June 6th was marked around the world by activists protesting the 47th year of the Israeli ‘occupation’ of the West Bank, East Jerusalem, the Gaza Strip and the Syrian Golan Heights. But calls to ‘End the Occupation’ fall short of clarifying the events of 1967 and how they fit in to wider Zionist designs. The policies that were implemented following the 1967 war were in reality a continuation of Israeli colonial policies that began en-masse in the late 1940’s as the Nakba began. Amongst the many issues that confirm this notion, is the fate of three Palestinian villages in the Latrun triangle, that were depopulated, destroyed and annexed in 1967, in much the same manner as had happened widely in 1948.
The villages of Imwas, Beit Nuba and Yalu lie within what is now referred to as the ‘West Bank’ on the road from Jerusalem towards Jaffa and Tel Aviv. These villages were attacked by Zionist forces in 1948 but local resistance successfully defended the villages.
In 1967, as Israel occupied the West Bank, particular attention was given to the three Latrun villages that had not been colonised in 1948. Imwas, Beit Nuba and Yalo were attacked and occupied, and their populations were driven from their homes. After the villages had been depopulated, they were systematically blown up. In his memoir – Righteous Victims – Moshe Dayan described the attacks, “[houses were destroyed] not in the battle, but as punishment … and in order to chase away the inhabitants.” The depopulation and destruction of the villages in this manner amount to acts of war crimes under international law and treaties.

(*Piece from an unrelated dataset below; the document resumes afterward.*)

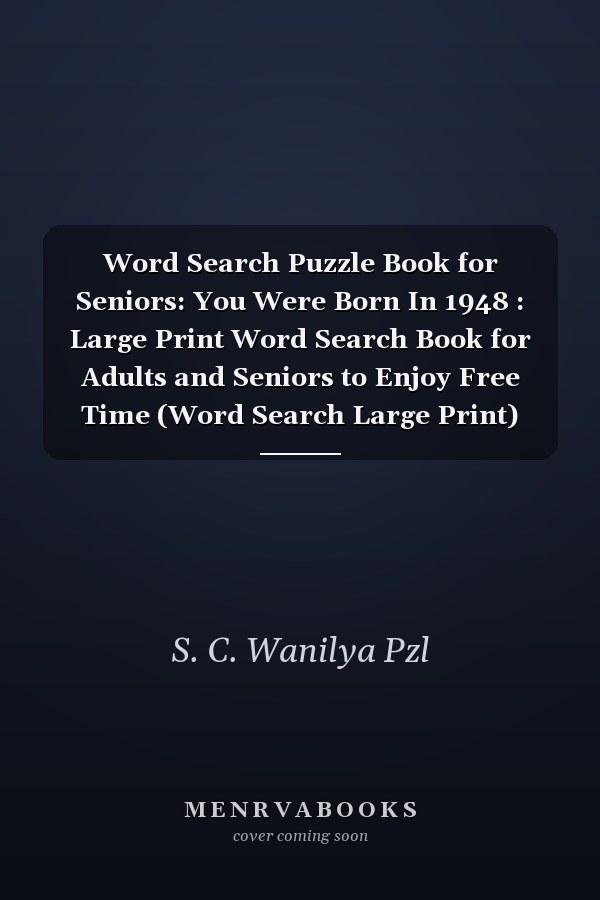 Word Search Puzzle Book for Seniors: You Were Born In 1948 : Large Print Word Search Book for Adults and Seniors to Enjoy Free Time (Word Search Large Print)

These three Palestinians villages remain empty today. Their former residents now live in enforced exile in refugee camps, Palestinian cities and across international borders. Over the ruins of Imwas and Yalu, the Jewish National Fund (JNF) in 1973 established ‘Canada Park’ – an Israeli national park (within the ‘West Bank’) and picnic area.

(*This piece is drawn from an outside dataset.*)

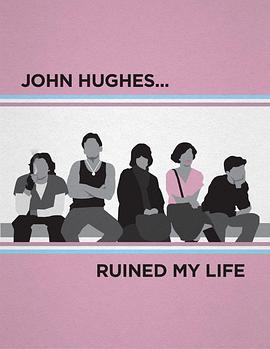 JohnHughesRuinedMyLife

About 10,000 Palestinians were ethnically cleansed from these three villages in 1967. They have never been allowed to return and Israel claims to have ‘annexed’ this ‘West Bank’ land. The ‘1967 War’ should not be seen as the beginning of the ‘occupation’, but rather an extension of the wider Israeli settler-colonial project which continues today under many guises and with many tools, across all areas of historic Palestine. Israeli ‘National Parks’ and the JNF are elements of this wider colonial matrix.